What to produce
Write out the entries below exactly as they stand. Skip every image.
Extracted material: Begin
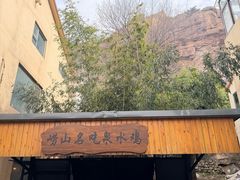 -崂山水果园农家宴(泉水鸡店)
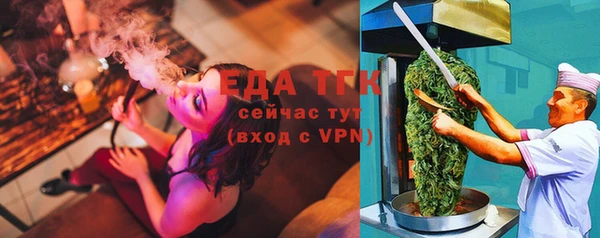 бутират Красноперекопск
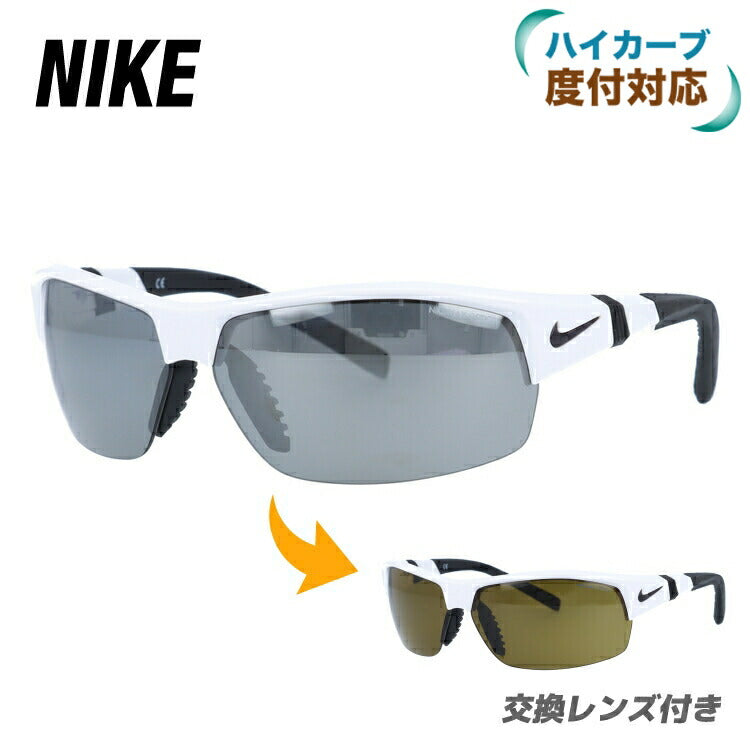 ナイキ サングラス ショ?エックス2 ベンチレーテッド ラバーノーズブリッジ NIKE SHOW X2 EV0620 101 67サイズ スポーツ ユニセックス メンズ レディース 度付き対応HC ラッピング無料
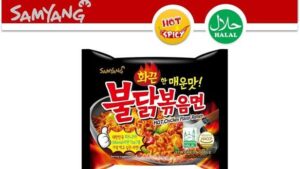 Samyang HOT Chicken Flavor Ramen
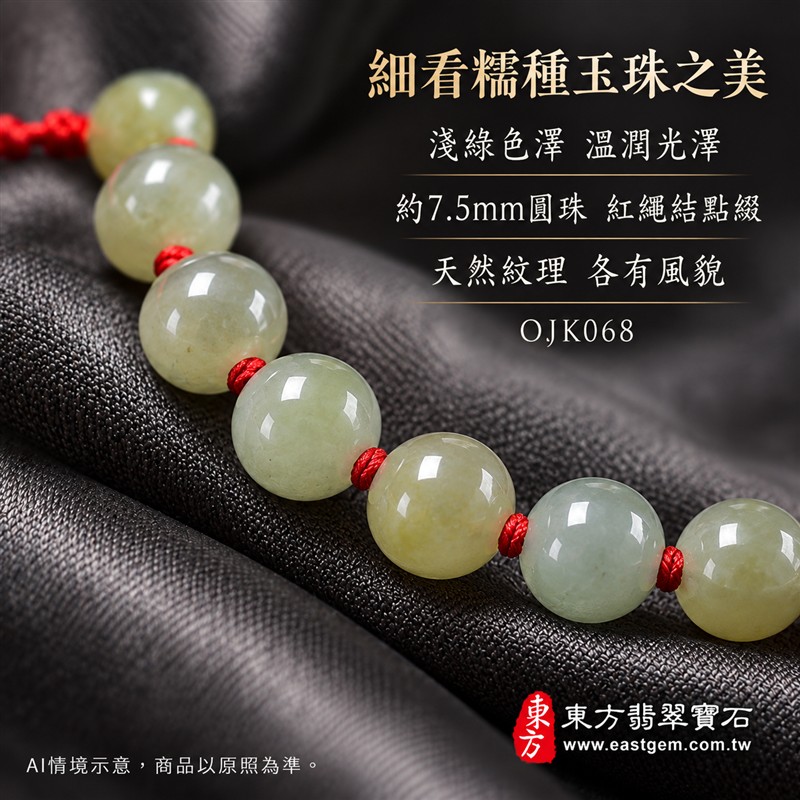 東方翡翠寶石 糯種翡翠手鍊 糯種緬甸玉紅繩手珠 淺綠色溫潤玉珠 珠徑約7.5mm二十顆珠 OJK068 柔和綠意自然色紋 紅色繩結清雅喜氣 平安和諧圓滿順心吉祥寓意 男女日常配戴生日紀念送禮自戴珍藏 客製化翡翠珠串翡翠珠子緬甸玉手鍊緬甸玉珠串珠子手珠設計 附A貨翡翠雙證書-5 東方翡翠寶石 糯種翡翠手鍊 糯種緬甸玉紅繩手珠 淺綠色溫潤玉珠 珠徑約7.5mm二十顆珠 OJK068 柔和綠意自然色紋 紅色繩結清雅喜氣 平安和諧圓滿順心吉祥寓意 男女日常配戴生日紀念送禮自戴珍藏 客製化翡翠珠串翡翠珠子緬甸玉手鍊緬甸玉珠串珠子手珠設計 附A貨翡翠雙證書-5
Extracted material: End
Task output
 -崂山水果园农家宴(泉水鸡店)
 бутират Красноперекопск
 ナイキ サングラス ショ?エックス2 ベンチレーテッド ラバーノーズブリッジ NIKE SHOW X2 EV0620 101 67サイズ スポーツ ユニセックス メンズ レディース 度付き対応HC ラッピング無料
 Samyang HOT Chicken Flavor Ramen
 東方翡翠寶石 糯種翡翠手鍊 糯種緬甸玉紅繩手珠 淺綠色溫潤玉珠 珠徑約7.5mm二十顆珠 OJK068 柔和綠意自然色紋 紅色繩結清雅喜氣 平安和諧圓滿順心吉祥寓意 男女日常配戴生日紀念送禮自戴珍藏 客製化翡翠珠串翡翠珠子緬甸玉手鍊緬甸玉珠串珠子手珠設計 附A貨翡翠雙證書-5 東方翡翠寶石 糯種翡翠手鍊 糯種緬甸玉紅繩手珠 淺綠色溫潤玉珠 珠徑約7.5mm二十顆珠 OJK068 柔和綠意自然色紋 紅色繩結清雅喜氣 平安和諧圓滿順心吉祥寓意 男女日常配戴生日紀念送禮自戴珍藏 客製化翡翠珠串翡翠珠子緬甸玉手鍊緬甸玉珠串珠子手珠設計 附A貨翡翠雙證書-5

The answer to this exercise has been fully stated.